(Crawled caption data)
>>>

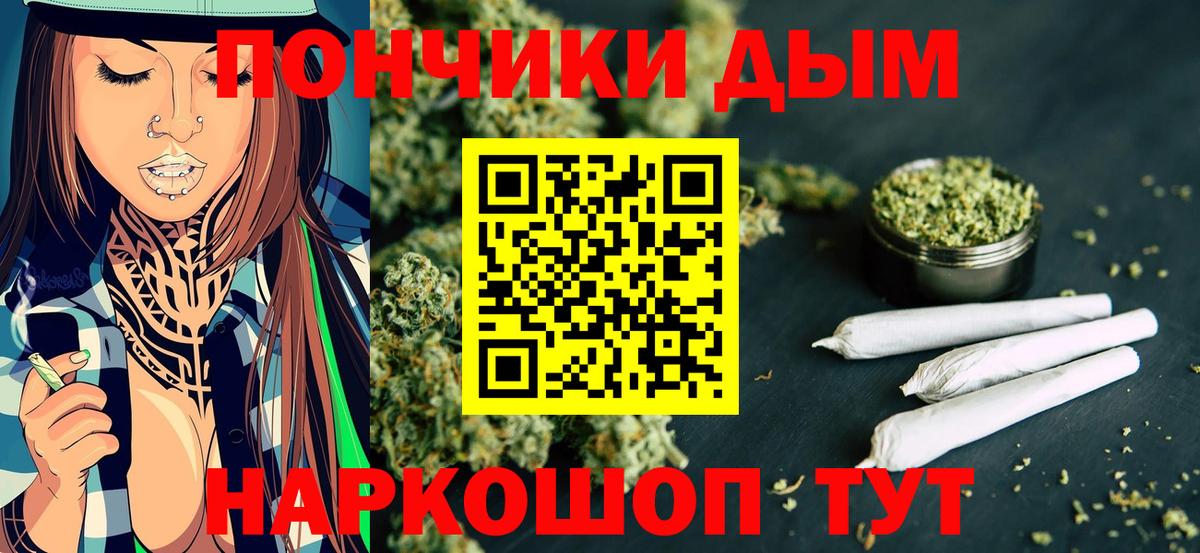 Бошки марихуана конопля  Бошки марихуана Ganja  МАРИХУАНА VHQ  Горячий Ключ  Вход с VPN  Марихуана MAZAR 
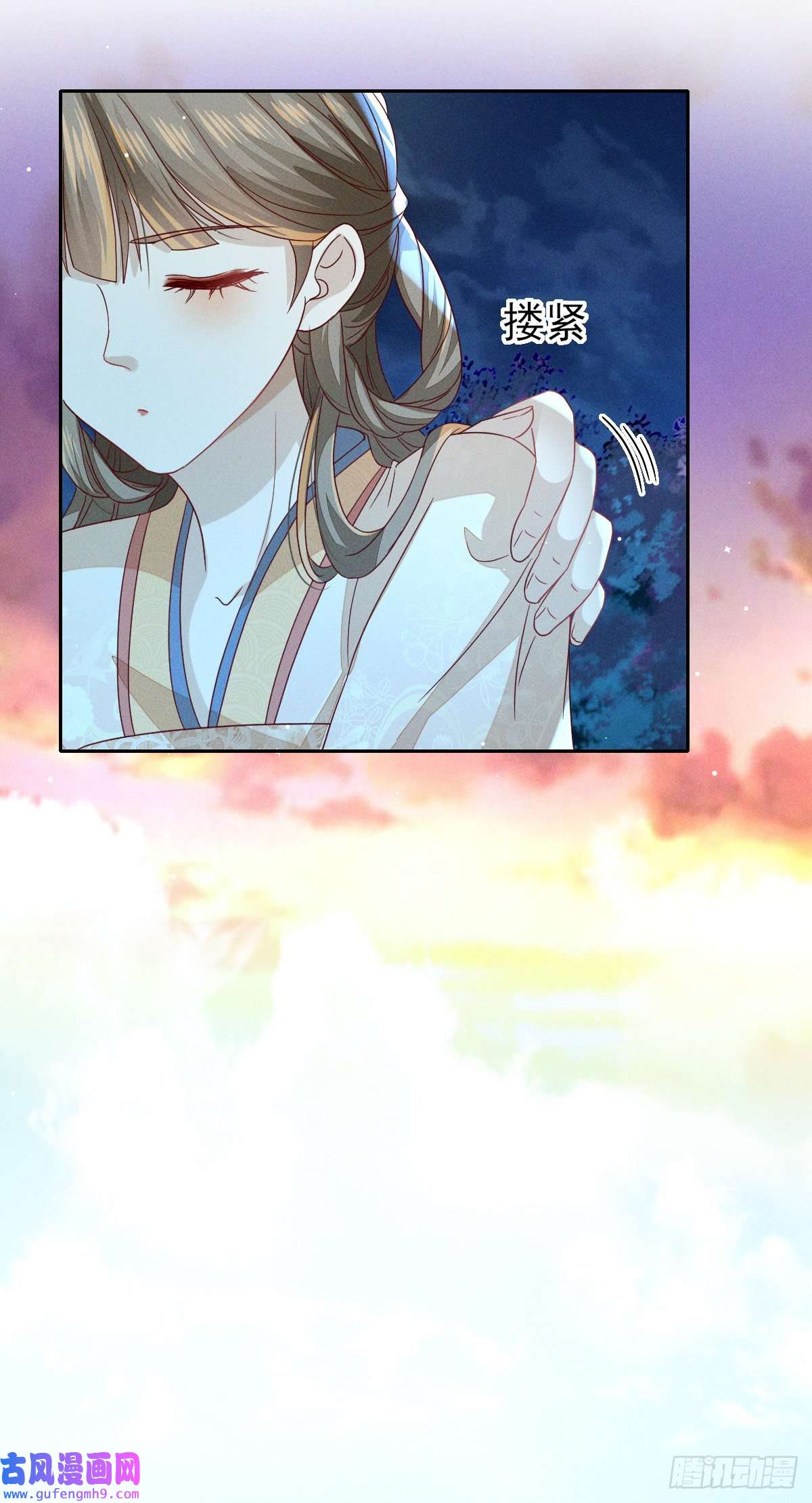 烬芳华26 你的身子好温暖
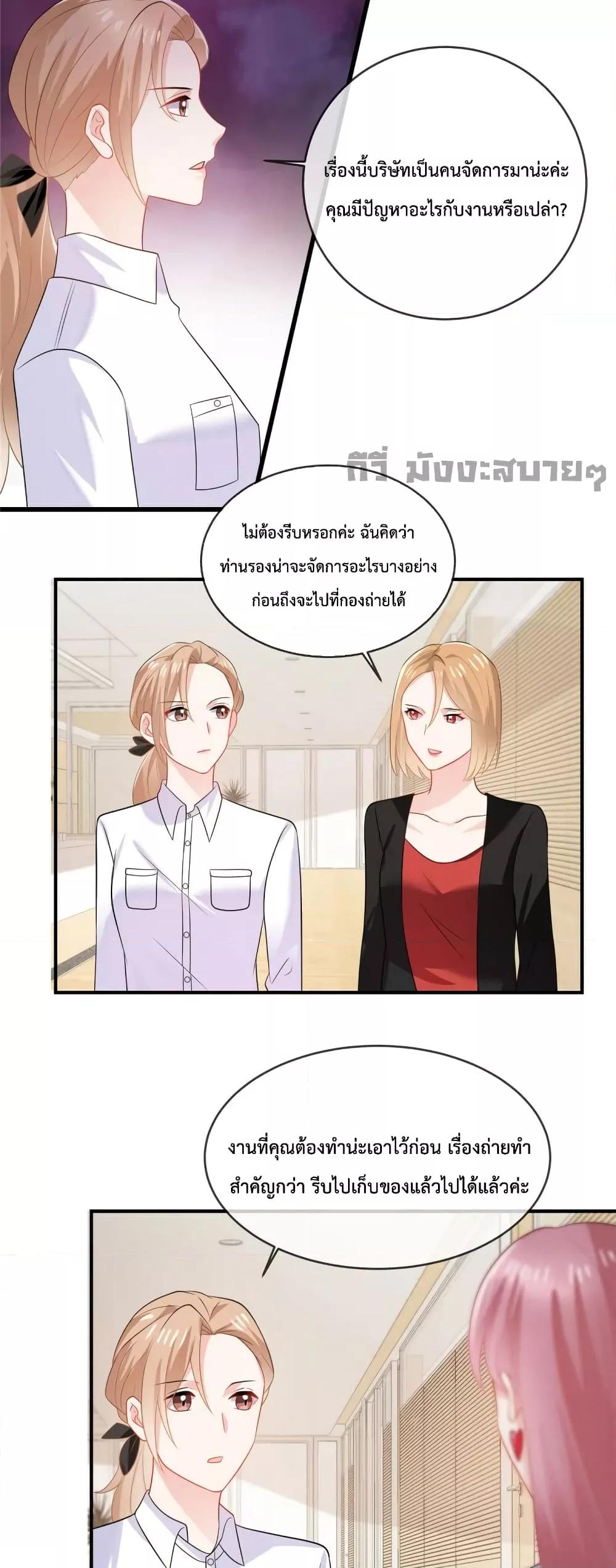 Oh My Baby ตอนที่ 48 (8)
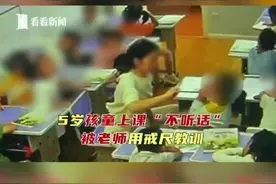 嘴都打破了！5岁#幼童 被老师用戒尺“#教训”近8分钟，更#气人 的是……#5岁幼童被老师用戒尺教训近8分钟视频封面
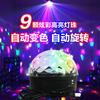 Lámpara de Bola Mágica de Colores Controlada por Voz Lámpara de Colores KTV Lámpara Flash Karaoke Casero Lámpara de Colores Dormitorio Lámpara Disco Lámpara de Bar
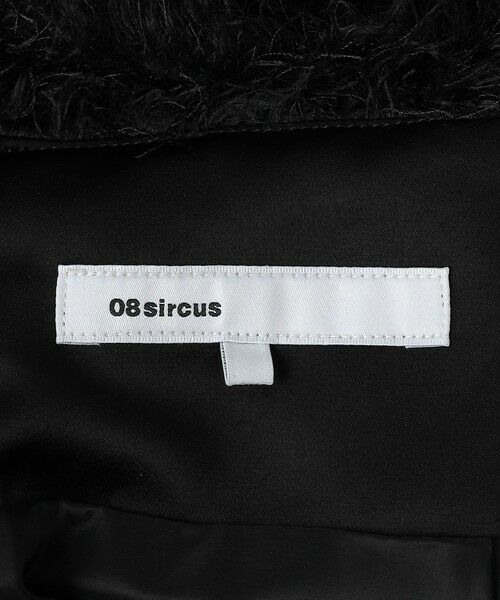 BEAUTY&YOUTH UNITED ARROWS / ビューティー&ユース ユナイテッドアローズ ロング・マキシ丈スカート | ＜08sircus＞ヘアリーカット スカート | 詳細7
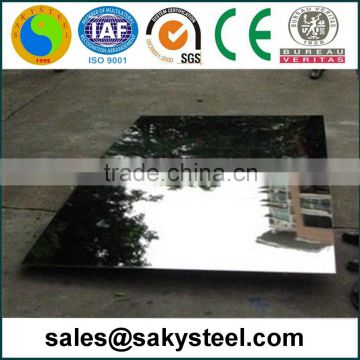 Stainless Steel Sheet Mirror 304 Plate Coil Manufacturer!!!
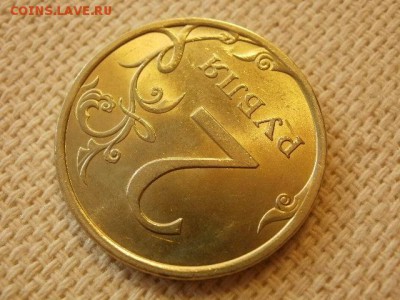 2 рубля 2008г. СПМД Без Обращения + Бонус. до 28.08. - P1010066.JPG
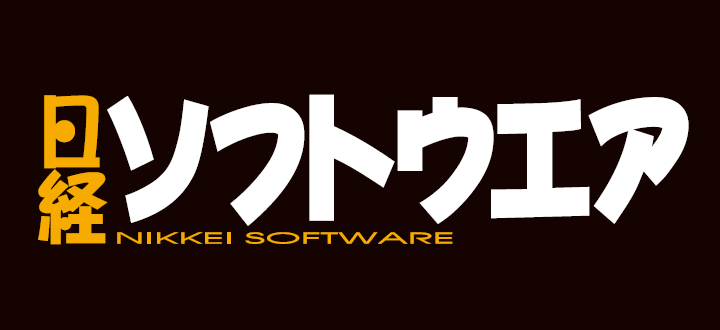 日経ソフトウェア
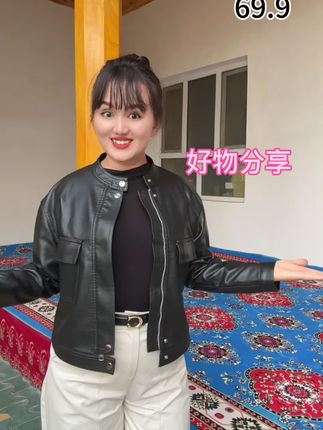 你们也想穿吗#皮衣外套 #穿搭 #穿搭分享 @DOU+小助手 @DOU+上热门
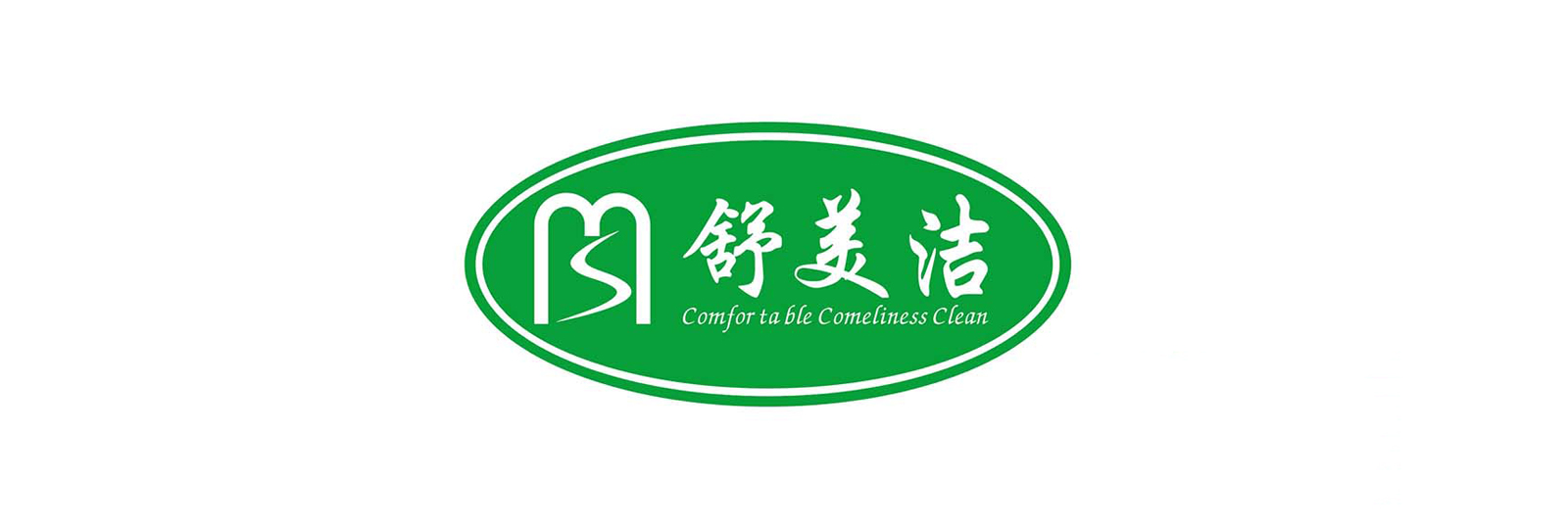 舒美洁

<<<

**Instructions for the task:**
Keeping the pictures out, print the entries above exactly as written.

**Exercise output:**
 Бошки марихуана конопля  Бошки марихуана Ganja  МАРИХУАНА VHQ  Горячий Ключ  Вход с VPN  Марихуана MAZAR 
 烬芳华26 你的身子好温暖
 Oh My Baby ตอนที่ 48 (8)
 嘴都打破了！5岁#幼童 被老师用戒尺“#教训”近8分钟，更#气人 的是……#5岁幼童被老师用戒尺教训近8分钟视频封面
 Lámpara de Bola Mágica de Colores Controlada por Voz Lámpara de Colores KTV Lámpara Flash Karaoke Casero Lámpara de Colores Dormitorio Lámpara Disco Lámpara de Bar
 BEAUTY&YOUTH UNITED ARROWS / ビューティー&ユース ユナイテッドアローズ ロング・マキシ丈スカート | ＜08sircus＞ヘアリーカット スカート | 詳細7
 Stainless Steel Sheet Mirror 304 Plate Coil Manufacturer!!!
 2 рубля 2008г. СПМД Без Обращения + Бонус. до 28.08. - P1010066.JPG
 日経ソフトウェア
 你们也想穿吗#皮衣外套 #穿搭 #穿搭分享 @DOU+小助手 @DOU+上热门
 舒美洁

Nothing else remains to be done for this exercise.